I have provided Paul with an updated patch:

* The test has been updated using data provider and reduce as much repetition 
as possible.
* The GS copyright notice from the main JDK patch. However we retain it on our 
test cases as we developed ourselves. In our previous contributions where we 
provided new tests we have put our copyright along with oracle copyright and it 
was accepted (see: 
http://hg.openjdk.java.net/jdk9/dev/jdk/file/ed94f3e7ba6b/test/java/lang/instrument/DaemonThread/TestDaemonThread.java)
* Alan has commented that there were older benchmark but searching through the 
archive I can see it mention "BentleyBasher" I cannot find the actual code that 
Vladimir used (thread: 
http://mail.openjdk.java.net/pipermail/core-libs-dev/2009-September/002633.html).
 Is there anywhere I can get hold of it?

Thanks.

-----Original Message-----
From: O'Leary, Kristen [Tech] 
Sent: 11 May 2015 23:33
To: 'Alan Bateman'; Paul Sandoz; Chan, Sunny [Tech]
Cc: 'core-libs-dev@openjdk.java.net'; Rezaei, Mohammad A. [Tech]
Subject: RE: Patch to improve primitives Array.sort()

Hi Alan,

For MAX_RUN_LENGTH, the constant was used to limit the size of a run when the 
numbers were equal. We treat equal numbers as part of the same run and do not 
require such a limitation.

We have created a consolidated test based upon your feedback and Sunny will 
work on getting a new revision sent out.

Thanks!
Kristen

-----Original Message-----
From: Alan Bateman [mailto:alan.bate...@oracle.com] 
Sent: Friday, April 24, 2015 5:09 AM
To: Paul Sandoz; Chan, Sunny [Tech]
Cc: 'core-libs-dev@openjdk.java.net'; O'Leary, Kristen [Tech]
Subject: Re: Patch to improve primitives Array.sort()

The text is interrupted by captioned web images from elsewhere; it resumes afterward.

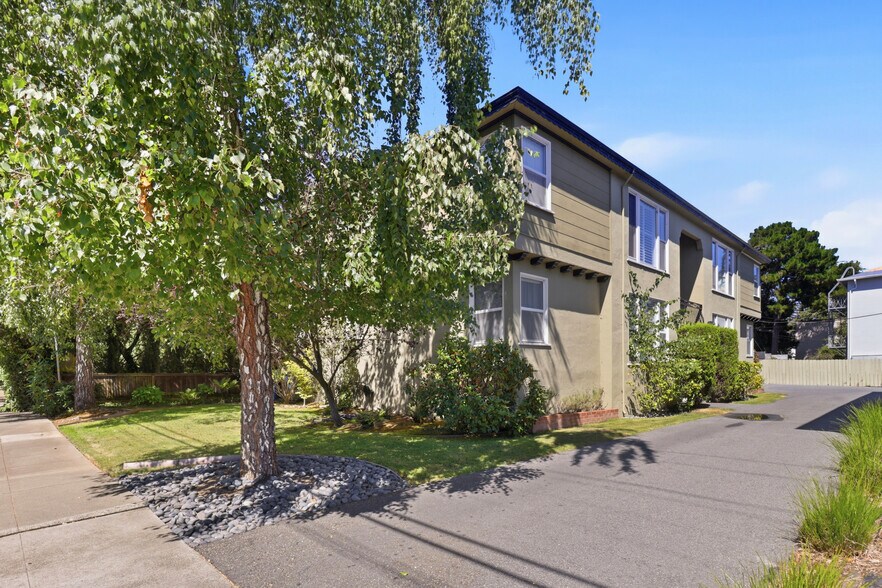 More Photos Of 16 Bellevue Ave W, San Mateo Apartments For Sale
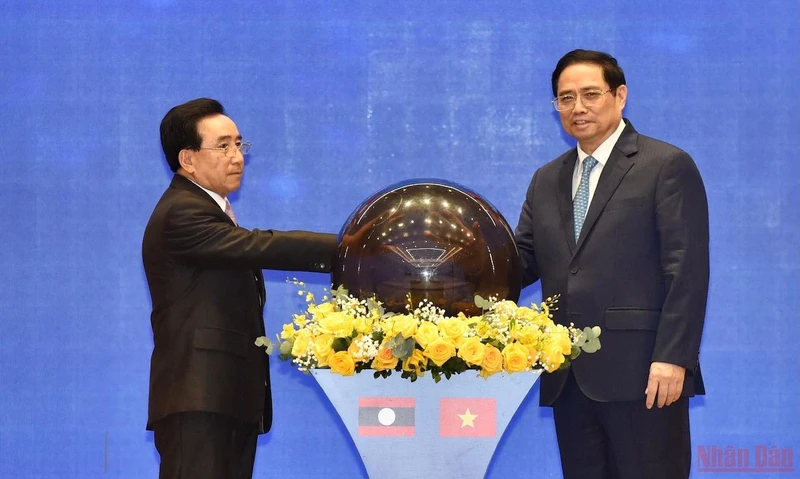  Thủ tướng Phạm Minh Chính và Thủ tướng Lào Phankham Viphavanh thực hiện nghi lễ phát động Năm Đoàn kết Hữu nghị Việt Nam-Lào, Lào-Việt Nam 2022. (Ảnh: Trần Hải)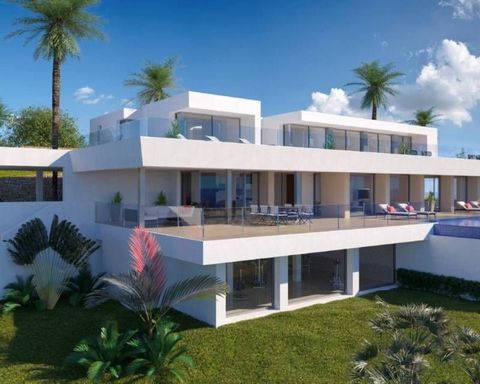 VILLA DE LUJO EN CUMBRES DEL SOL Villa distribuida en tres niveles, fruto de un diseño único y exclusivo, con espacios amplios, abiertos y luminosos, en el que todas las estancias están orientadas hacia el mar Mediterráneo, para aprovechar al máximo ...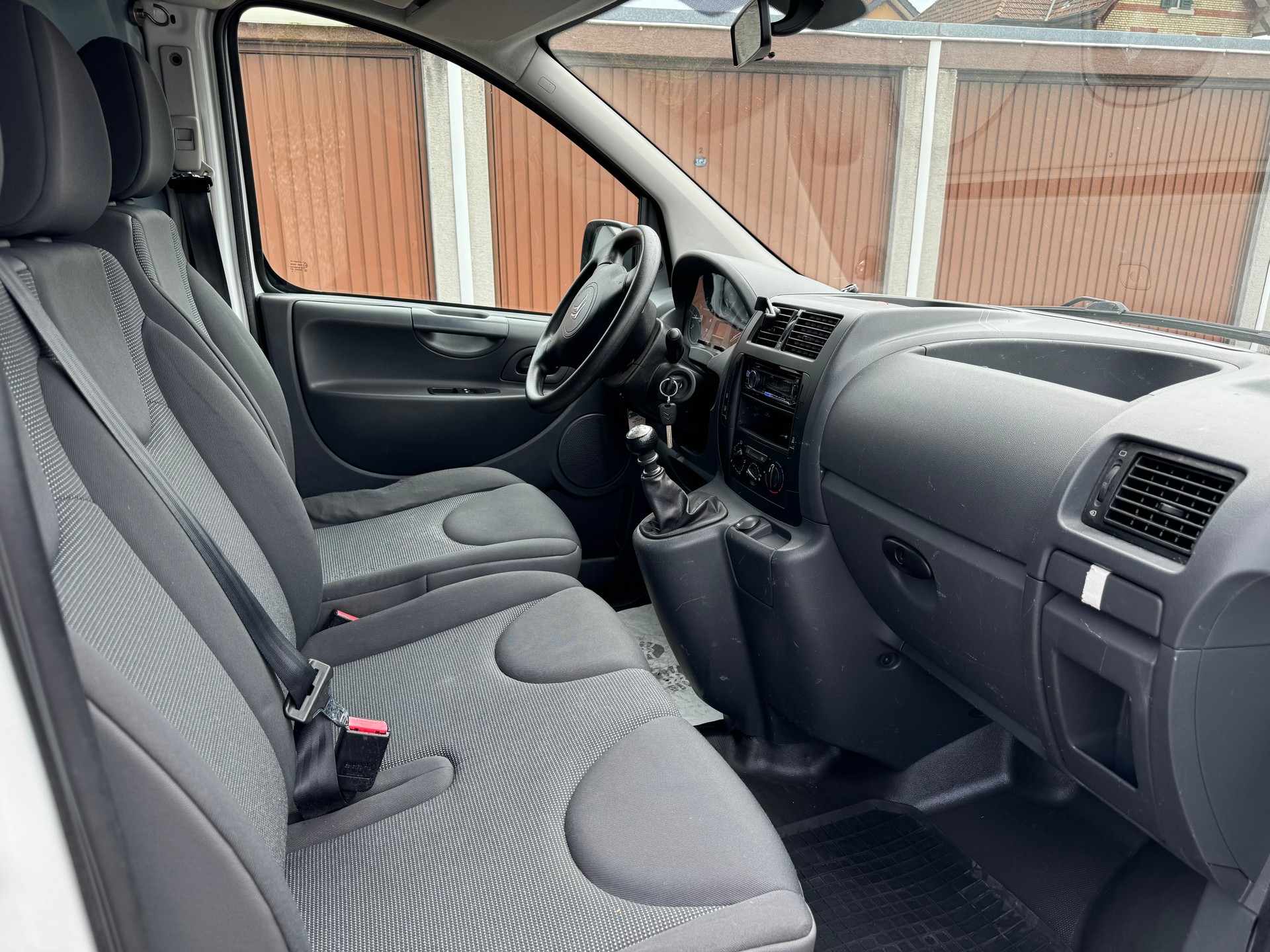 CITROEN Jumpy 2.0 HDi 12 L1H1-image-6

On 24/04/2015 09:57, Paul Sandoz wrote:
> See here:
>
>    http://cr.openjdk.java.net/~psandoz/tmp/gs/sort/webrev/
>
> Some very quick comments as i have not yet had time to review more closely:
>
> - IANAL so i dunno about the GS copyright in the files.
>
> - The constant MAX_RUN_LENGTH is no longer used so could be removed. But i 
> would like to understand why it's no longer required.
>
> - There is quite a bit of duplication in the tests. AFAICT data sources are 
> all derived from ints that are then converted. The sources could be data 
> providers, so only one test method per data type is required, each data can 
> come with a descriptive string so it shows up in the test reports. The goal 
> here being if another source of data is added (which is derivable) it could 
> be added just once.
>
Also overall with the existing Sorting test should be examined as it tests a 
lot of cases with varying data sizes (and consequentially runs for a long 
time). We should also go back through the archives for all the other benchmarks 
that were created in the move to the dual pivot implementation.